Sementara itu, ketua KPU Kabupaten Indramayu menjelaskan, daftar pemilih ODGJ yang dikategorikan sebagai orang berkebutuhan khusus terutama dalam hal mental, sudah tercatat sebanyak 1.665 orang yang akan mencoblos pada pemilu 2024 nanti. (detikjabar 27/12/2023).
Dalam sistem politik demokrasi, pemilih menjadi raja dan ratu suara sebab mereka menentukan nasib kontestan pemilu. Pemenang pemilu adalah kontestan yang mendapat suara terbanyak, tak heran pemilih dalam pemilu menjadi salah satu objek yang berpotensi bermasalah. Pada awalnya, pemilu di negeri ini tidak memasukkan ODGJ sebagai pemilih berdasarkan UU Pemilu. Dalam UU tersebut, ada 6 syarat yang harus dipenuhi oleh pemilih salah satunya adalah 'tidak sedang terganggu jiwa atau ingatan'.

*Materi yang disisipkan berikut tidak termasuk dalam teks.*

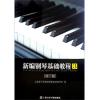 新编钢琴基础教程（第3册）修订版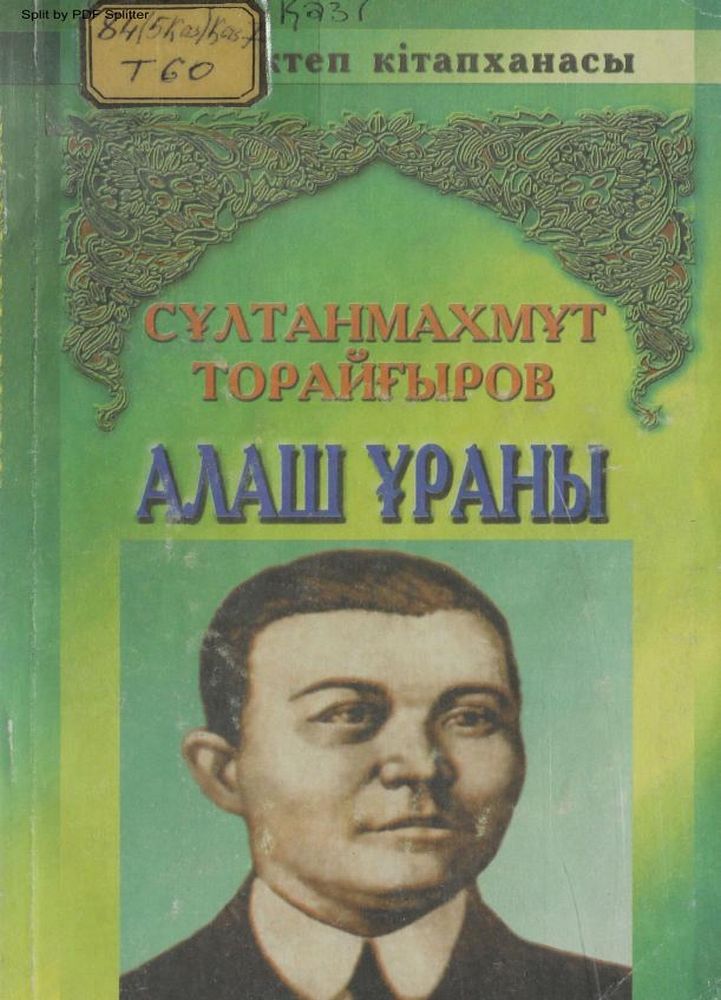 Алаш ұраны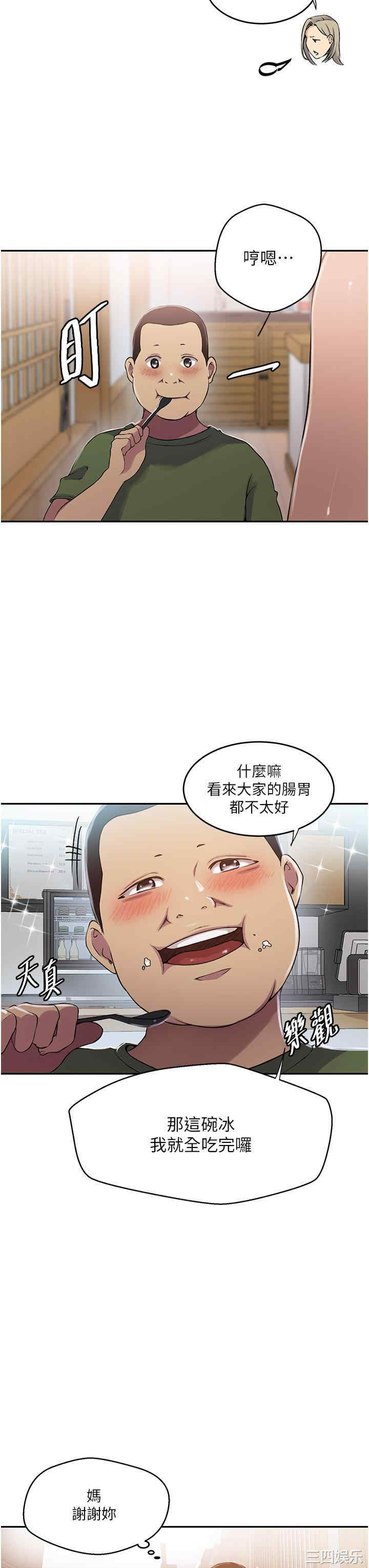 秘密教学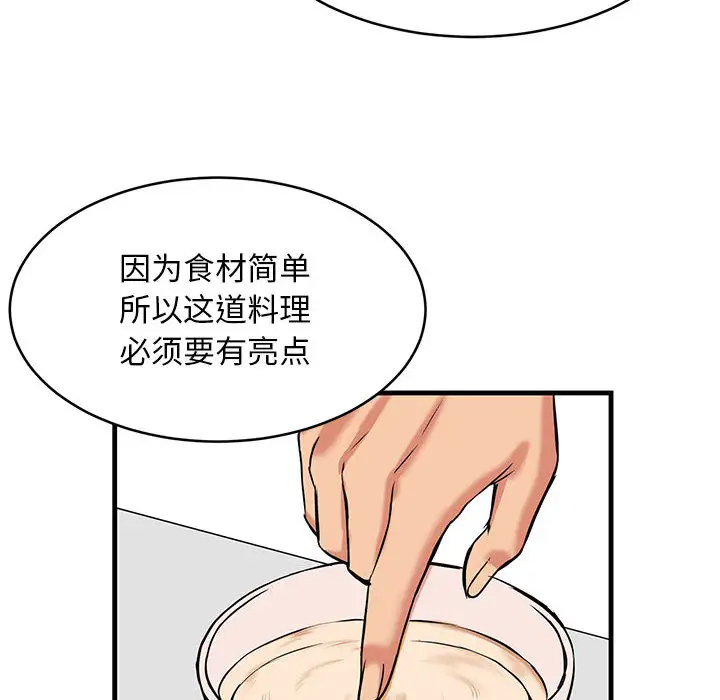 韩漫H漫画 蚂蚁地狱  - 点击阅读 第1话 16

Menjelang pemilu 2014, syarat tidak terganggu jiwa atau ingatan ini menimbulkan polemik dan kembali menjadi perbincangan politik menjelang pemilu 2019. Pada pemilu 2019, MK menegaskan syarat 'tidak sedang terganggu jiwa atau ingatan' bertentangan dengan konstitusi sepanjang frasa terganggu jiwa tidak dimaknai sebagai gangguan jiwa atau ingatan permanen.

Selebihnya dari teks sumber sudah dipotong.